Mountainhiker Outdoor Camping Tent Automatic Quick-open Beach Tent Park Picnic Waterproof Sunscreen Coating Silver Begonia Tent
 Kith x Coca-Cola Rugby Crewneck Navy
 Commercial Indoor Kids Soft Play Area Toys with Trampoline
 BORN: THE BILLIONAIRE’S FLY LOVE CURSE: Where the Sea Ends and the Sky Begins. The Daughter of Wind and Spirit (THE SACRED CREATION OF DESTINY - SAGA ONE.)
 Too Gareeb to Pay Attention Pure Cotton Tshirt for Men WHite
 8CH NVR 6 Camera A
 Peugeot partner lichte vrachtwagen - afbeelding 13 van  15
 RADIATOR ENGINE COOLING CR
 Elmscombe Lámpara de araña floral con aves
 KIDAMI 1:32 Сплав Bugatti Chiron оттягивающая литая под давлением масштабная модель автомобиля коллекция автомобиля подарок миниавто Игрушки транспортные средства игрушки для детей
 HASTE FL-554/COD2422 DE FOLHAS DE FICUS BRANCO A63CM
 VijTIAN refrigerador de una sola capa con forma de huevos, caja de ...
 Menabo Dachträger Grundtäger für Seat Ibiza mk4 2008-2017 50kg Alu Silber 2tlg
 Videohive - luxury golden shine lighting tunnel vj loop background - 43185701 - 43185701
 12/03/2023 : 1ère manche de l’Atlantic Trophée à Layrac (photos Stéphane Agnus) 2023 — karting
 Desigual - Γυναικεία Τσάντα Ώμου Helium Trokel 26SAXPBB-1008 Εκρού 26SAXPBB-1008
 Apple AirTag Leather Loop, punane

▬▬▬▬▬▬▬▬▬▬

Work to complete
Output an exact copy of the lines from the one holding "Too Gareeb to" to the last line of the data, inclusive, and nothing beyond that range.

Expected output
 Too Gareeb to Pay Attention Pure Cotton Tshirt for Men WHite
 8CH NVR 6 Camera A
 Peugeot partner lichte vrachtwagen - afbeelding 13 van  15
 RADIATOR ENGINE COOLING CR
 Elmscombe Lámpara de araña floral con aves
 KIDAMI 1:32 Сплав Bugatti Chiron оттягивающая литая под давлением масштабная модель автомобиля коллекция автомобиля подарок миниавто Игрушки транспортные средства игрушки для детей
 HASTE FL-554/COD2422 DE FOLHAS DE FICUS BRANCO A63CM
 VijTIAN refrigerador de una sola capa con forma de huevos, caja de ...
 Menabo Dachträger Grundtäger für Seat Ibiza mk4 2008-2017 50kg Alu Silber 2tlg
 Videohive - luxury golden shine lighting tunnel vj loop background - 43185701 - 43185701
 12/03/2023 : 1ère manche de l’Atlantic Trophée à Layrac (photos Stéphane Agnus) 2023 — karting
 Desigual - Γυναικεία Τσάντα Ώμου Helium Trokel 26SAXPBB-1008 Εκρού 26SAXPBB-1008
 Apple AirTag Leather Loop, punane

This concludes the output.